In its wordless five minutes, the short, while identifiably "The Simpsons," boasts more lavish visuals and a great final twist. Could this be the year "The Simpsons" take home an Oscar?

MY PICK: Nope -- I say the irresistibly loyal pooch of "Adam and Dog" will win over the voters.

LIVE ACTION

"Henry" follows the harrowing day of an elderly pianist (a remarkably affecting Gerard Poirier) who discovers that his beloved wife is missing. Full of twists (albeit predictable ones) and shamelessly manipulative, but heartbreaking nonetheless.

"Death of a Shadow" is a stunningly inventive, haunting tale of a man with a mysterious camera, his ghoulish errands on behalf of a spectral collector and love across the ages. From its gorgeous, steampunk gadgetry to its tragic, poetic end, this is like the best "Twilight Zone" episode Rod Serling never wrote.

"Curfew" writer/director/star Shawn Christensen crafts a stunning showcase for himself and his young costar, Fatima Ptacek, in this morbidly funny and moving tale of a suicidal junkie screw-up charged with taking care of the precocious niece he hasn't seen in years. Two great lead performances and a touch of magical realism make this a real winner.

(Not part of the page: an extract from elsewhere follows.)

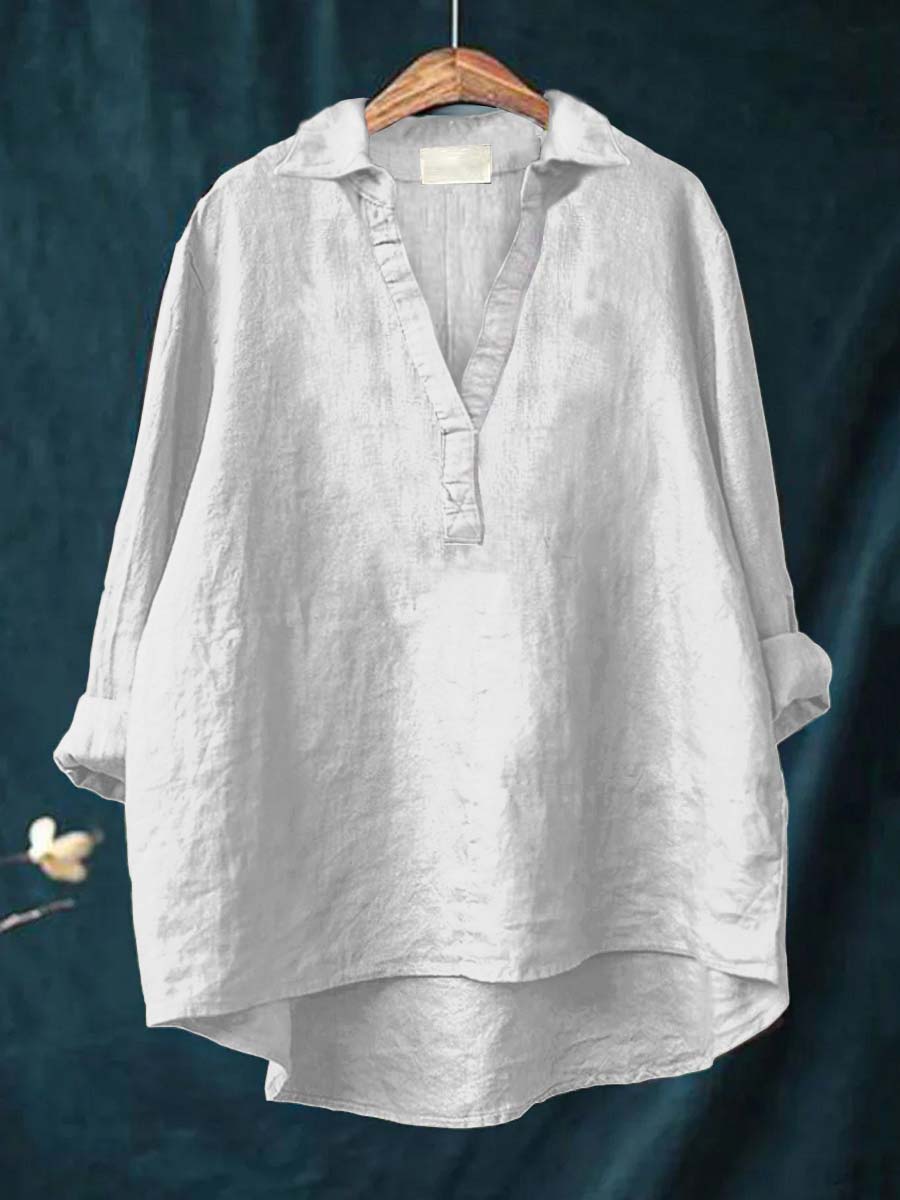 Andrea | Elegant Summer Linen Blouse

"Buzkashi Boys" is a bittersweet coming-of-age tale about two young boys in Afghanistan whose friendship and dreams of becoming champions at the titular sport (where riders battle over a dead goat) are sorely tested by the hazards of their war-ravaged city.

"Asad" presents yet another example of how hard the world is for a child, as the titular Somali refugee (the energetic Harun Mohammed) must decide on the path of the fisherman or the pirate in his war-torn village. Bleakness and humor blend into a realistic, yet not hopeless, fable of growing up.

MY PICK: I'll take "Curfew."

Dennis Perkins is a Portland freelance writer.